In order to reduce the number of undesirable microorganisms, antibacterials make sense. Chlorhexidine is the gold standard, with prolonged use however leads to discoloration and partly to an irritation in taste. Therefore some products contain cetylpyridinium, tin or amine fluoride, triclosan or highly diluted hydrogen peroxide as an alternative. And heavy metal salts such as zinc or tin form gaseous sulphur compounds by creating lightly soluble sulphides. Yet the mixture does the job: as a Cochrane Review already showed in 2008, chlorhexidine plus cetylpyridinium plus zinc lactate reduced halitosis significantly compared to a placebo.

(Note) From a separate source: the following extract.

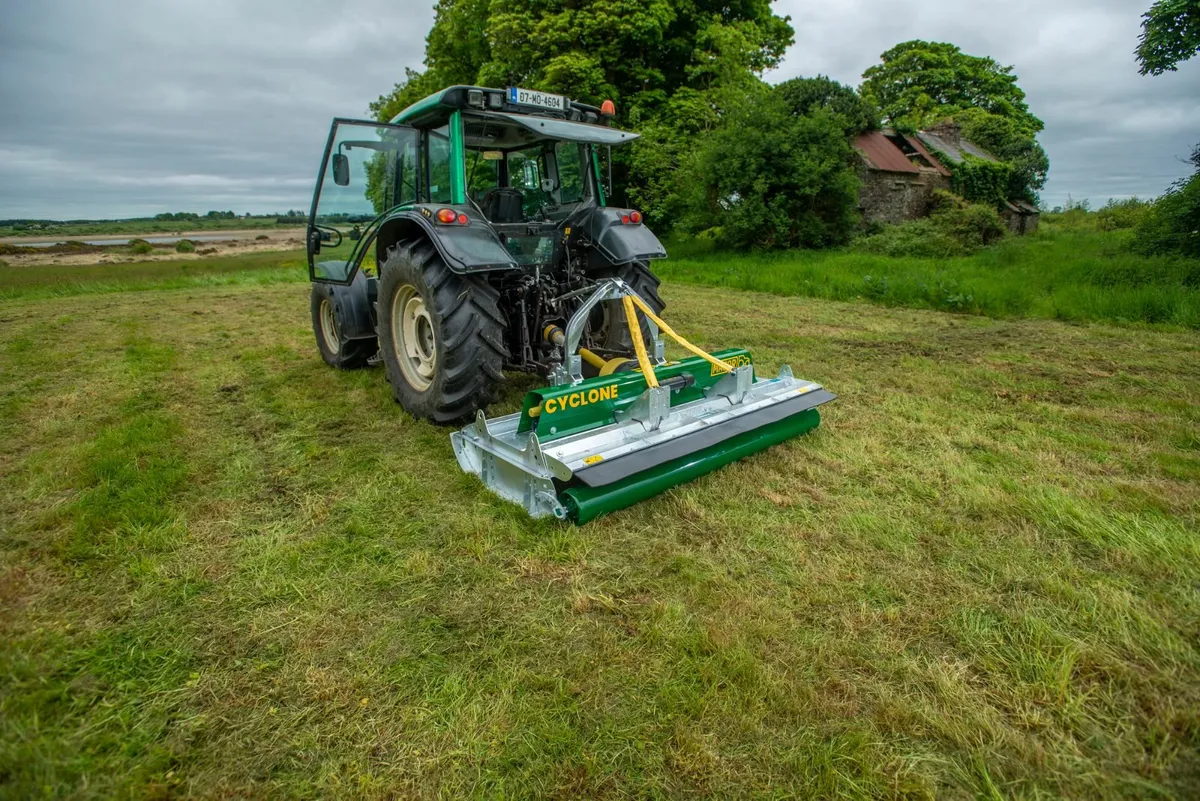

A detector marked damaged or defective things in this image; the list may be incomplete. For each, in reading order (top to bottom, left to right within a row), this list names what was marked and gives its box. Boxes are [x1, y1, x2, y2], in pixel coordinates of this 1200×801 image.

rusty corrugated roof [852, 130, 920, 173]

And tea tree oil has at least in smaller studies demonstrated a clearly pronounced antimicrobial effect, especially against Solobacterium moorei. Yet not every product lives up to its full-bodied slogans. Brazilian fellow researchers assessed the extent to which mouthwashs containing extracts from zedoary root (Curcuma zedoaria) or green tea (Camellia sinensis) neutralise gas forming suphurous compounds. An effect was not found. Generally, for dentists the question of how long antibacterial substances should be applied is also a subject of controversy. As maintenance therapy they suppress the desirable oral flora just as much.

The great evil

Only rarely are diseases of other organ systems the cause behind unpleasant odours, for instance rhinosinusitis or tonsillitis. After a successful recovery, in addition to primary symptoms there is improvement in halitosis. For laymen, in cases of bad breath diseases of the gastrointestinal tract come to mind – this is less likely than many had assumed for years. In a prospective study, Turkish fellow researchers examined 121 men and 237 women with dyspeptic difficulties. Patients in the halitosis group were significantly more often plagued by belching, flatulence and nausea. In diagnostic terms however there was no accumulation of common diseases such as oesophagitis, cardiac failure, hiatus, gastritis or duodenitis. Helicobacter pylori also has no clearly perceivable influence on the formation of malodorous sulphur compounds. In individual cases, however, connections between bad breath and oesophagal diverticula were demonstrated.

Metabolism out of control

Various metabolic processes – albeit rarely – can lead to bad breath. When the liver metabolises fatty acids to ketone bodies due to lack of carbohydrates, acetone is formed. The molecule is not further utilised, but released via the urine or the breath – a characteristic smell allows its presence to be detected. In diabetic patients, this ketoacidosis can lead to coma. And last but not least, patients with trimethylaminuria, in American-English known as “Fish-Odour Syndrome”, emit smelly trimethylamine.

Behind this there is a genetic, incurable enzyme defect. Liver and kidney diseases also sometimes result, due to changes in metabolism, in recurring halitosis – these are mere individual cases in internal medicine. In most cases, doctors and dentists can however help their patients in doing away with these unpleasant evils.